Watchdog Publishes Missing White House E-Mails
has published more than 100 of the "missing e-mails" the disappearance of some five million or more e-mails
CREW, based in Washington, D.C., released a statement Wednesday that summarizes some of the information found in 105 files containing newly released records that the group claims support its charges against the Bush administration. CREW reports that it received the documents it published Wednesday after negotiations with the Obama administration.
While the newly released files are heavily redacted and represent "a small percentage of the promised records," according to CREW, the group claimed that "the documents confirm Bush White House officials knew they were failing to properly archive records and made several attempts to develop an e-mail archiving system" but that "the efforts were either unsuccessful or abandoned for unexplained reasons."
Here are some more highlights from CREW's assessment of the newly released records:
-- The White House discovered that millions of e-mails had disappeared in October 2005.

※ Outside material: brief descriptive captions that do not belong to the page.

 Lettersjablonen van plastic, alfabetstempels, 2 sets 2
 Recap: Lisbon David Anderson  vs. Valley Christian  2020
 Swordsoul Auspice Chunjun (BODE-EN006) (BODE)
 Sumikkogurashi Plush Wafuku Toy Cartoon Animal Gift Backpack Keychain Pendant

-- E-mails subpoenaed from Vice President Dick Cheney's office as part of the Valerie Plame Wilson leak investigation were among the missing e-mails. CREW reports that the Office of the Vice President "had particular problems with missing e-mails."

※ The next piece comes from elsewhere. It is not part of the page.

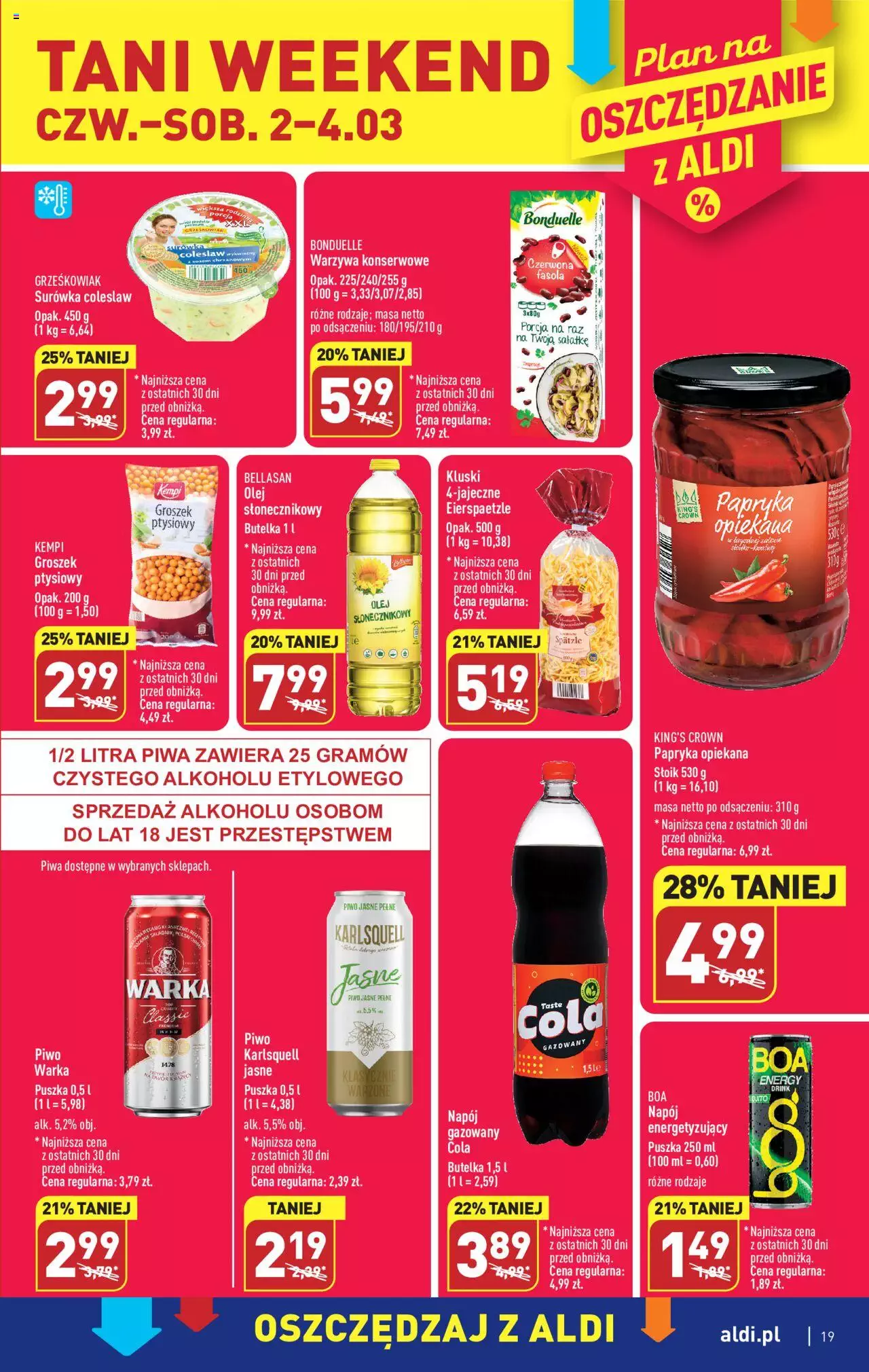 Aldi Gazetka ważna od 27.02.2023 do 04.03.2023 strona 19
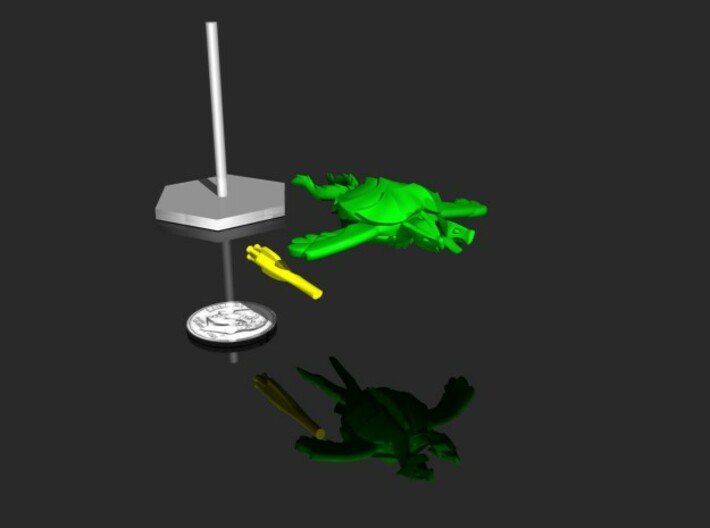 Fleetscale Turtle Space Kaiju Duo Gamas 3d printed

-- After moving from IBM Lotus Notes to Microsoft Outlook and Microsoft Exchange in 2002, the White House attempted several times to develop a comprehensive archiving system for Microsoft-generated e-mail, but never built a complete system.
-- Microsoft, in a February 2004 assessment report on White House e-mail search issues, recommended the White House move off the Automatic Records Management System (ARMS) that was built to archive Lotus Notes e-mail. As of that date, according to Microsoft, "there is no current mechanism to transfer Exchange e-mail into ARMS."

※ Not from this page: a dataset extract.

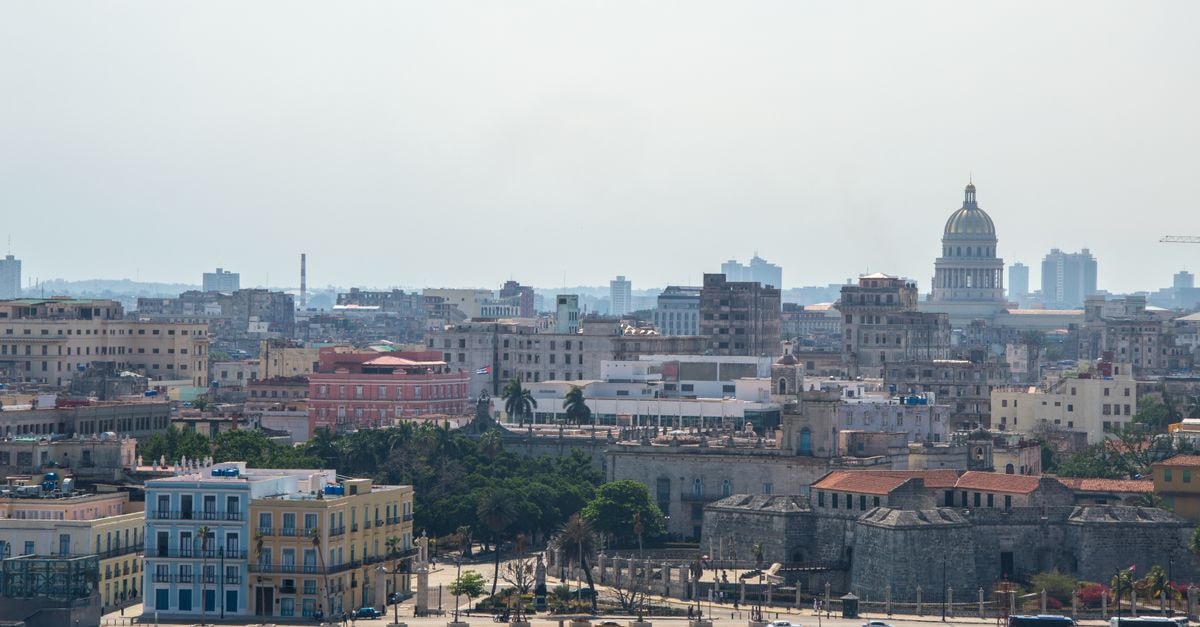 A stunning panorama of Havana's cityscape featuring the capitol building and urban architecture.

-- There exists a set of contracts with IT vendors and solution providers from June 2003 that appears to be part of a project to build a long-term e-mail archiving solution for the White House called the Electronic Communications Records Management System or ECRMS. Oddly, the ECRMS contracts name the "requisitioning office" as the Executive Office of the President and order products be shipped to the White House's Office of Administration (OA) -- but list the "issuing office" as the Department of the Interior's Mineral Management Service.
-- The contracts include a $32,213 deal with content management software vendor Documentum, which was acquired by EMC in December 2003, and separate deals with a pair of private IT contractors. Silver Spring, Md.-based Symbiont had a $52,419 contract to provide the OA with network cabling infrastructure, while McLean, Va.-based Booz Allen Hamilton had a $1.1 million deal to build the ECRMS.
-- At least one e-mail refers to an "emergency change" to the system for generating tabulations of White House e-mail files, or PST files, while another discusses "unauthorized actions" taking place.